- [ACTION ITEM]
Return the line that has "Wasserkraftwerk mit einem" and all lines below it through the last, exactly as they stand; omit pictures.

- [DATA EXCERPTS]
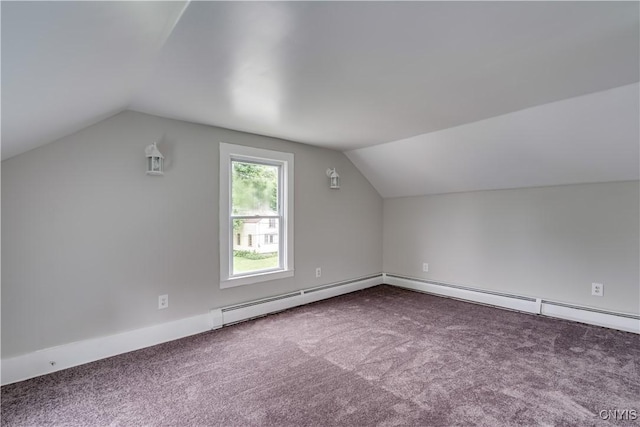 713 Parham St, Wilna, NY 13619 - bonus room featuring vaulted ceiling, carpet flooring, and a baseboard heating unit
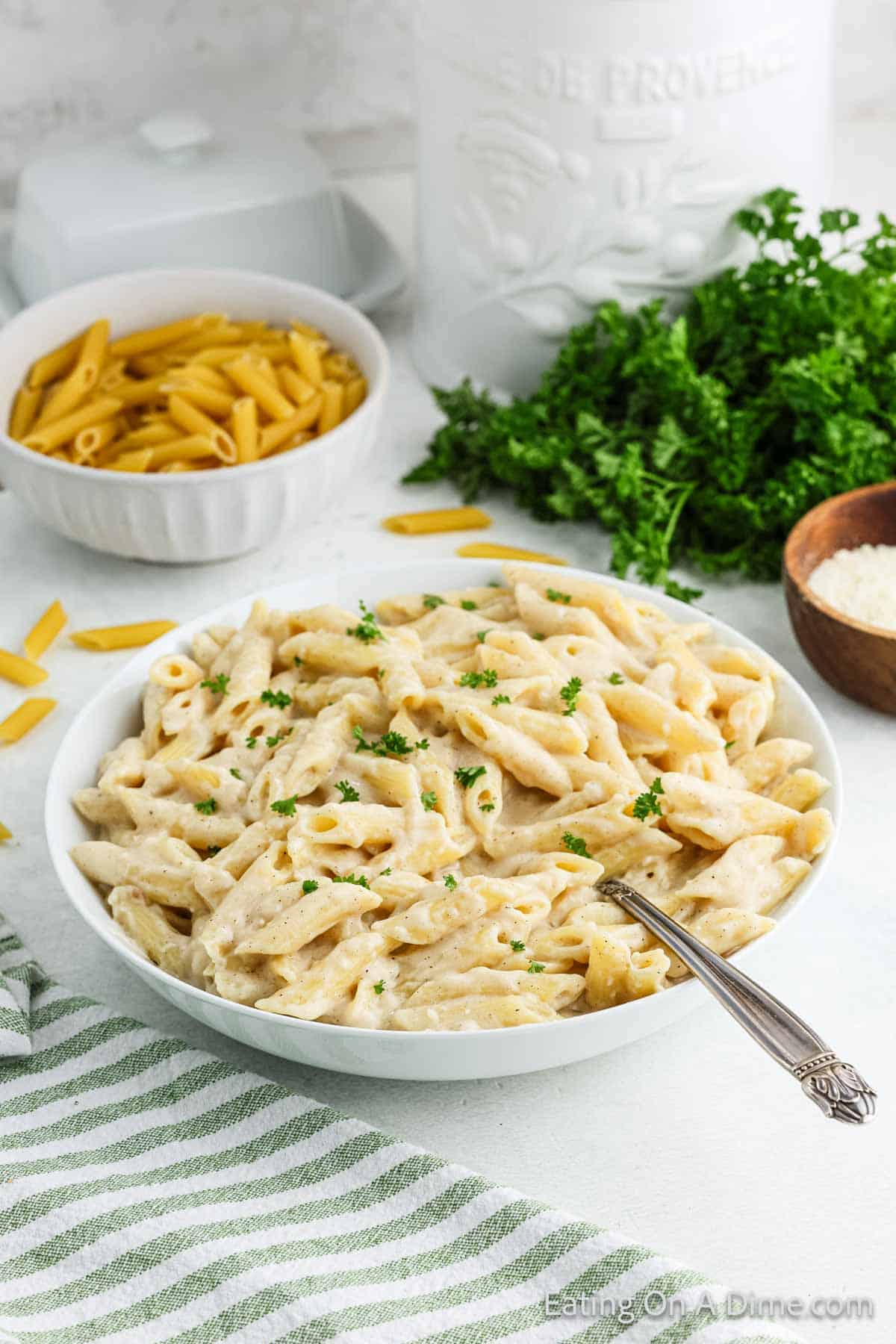 Penne Pasta in a bowl topped with white pasta sauce 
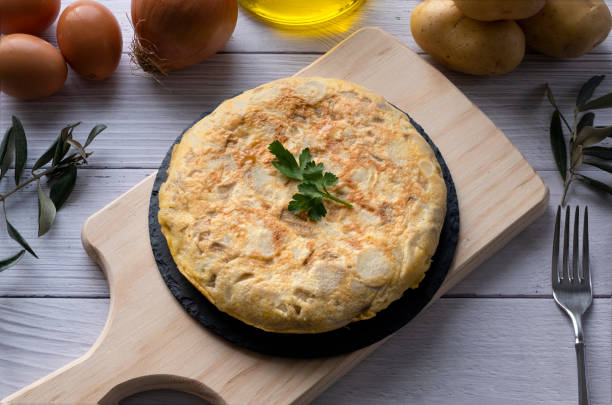 istock Traditional spanish omelette on wooden table 1298576627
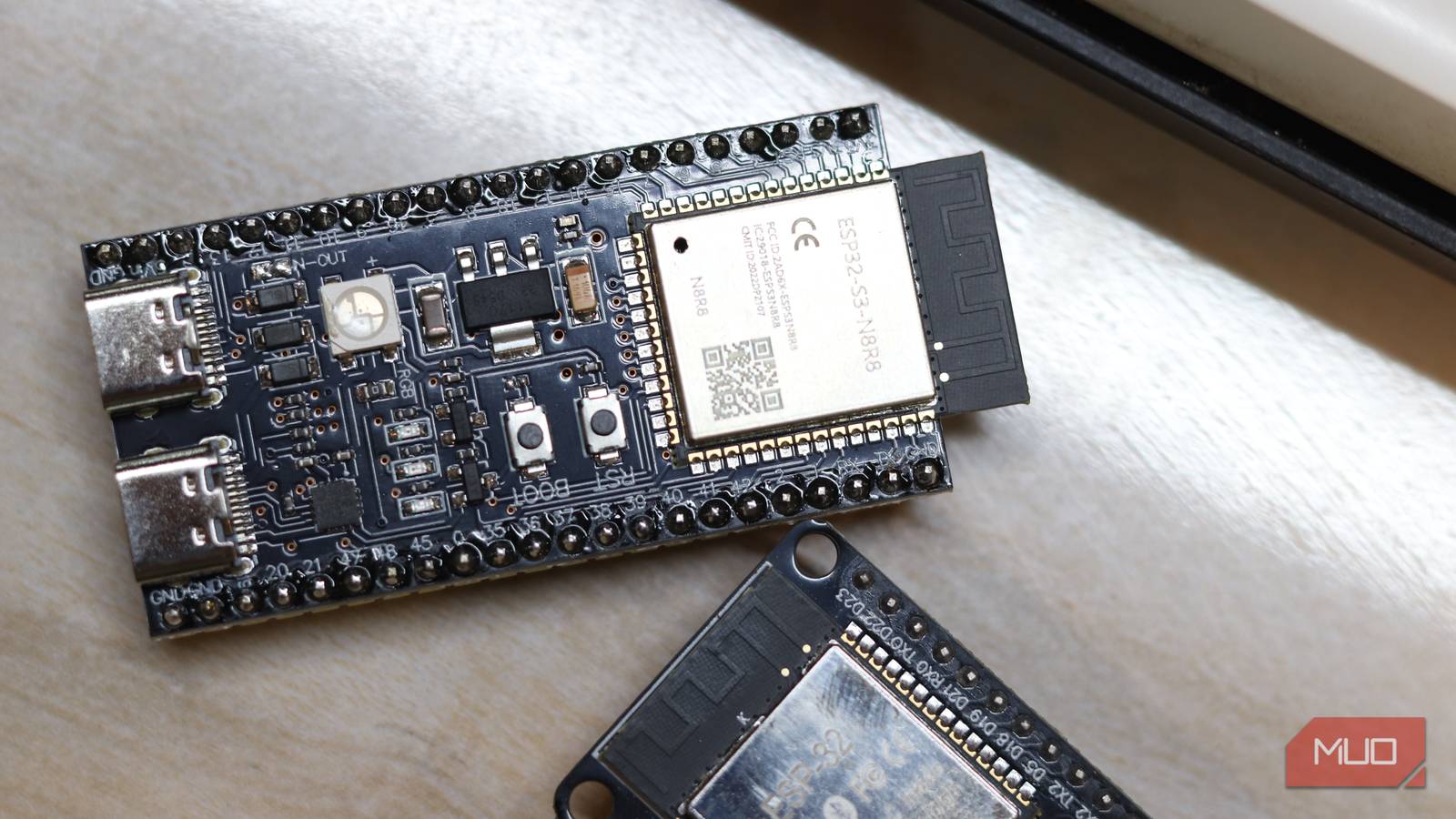 ESP32-S3 and ESP32 classic boards on a desk near a window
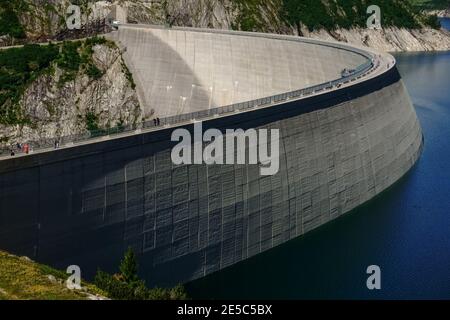 Wasserkraftwerk mit einem riesigen Damm und kleinen Menschen Auf sie in österreich Stockfoto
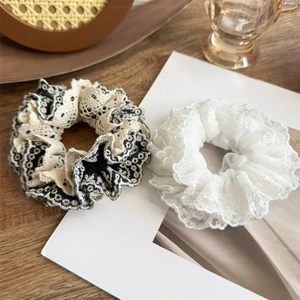Detailed close-up of handmade multi-layered lace scrunchies in black and white colors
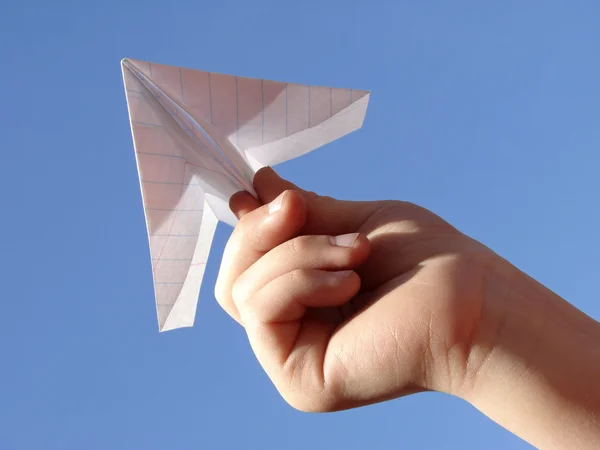 Dítě ruku s papírové letadlo — Stock fotografie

- [RESPONSE TO THE TASK]
 Wasserkraftwerk mit einem riesigen Damm und kleinen Menschen Auf sie in österreich Stockfoto
Detailed close-up of handmade multi-layered lace scrunchies in black and white colors
 Dítě ruku s papírové letadlo — Stock fotografie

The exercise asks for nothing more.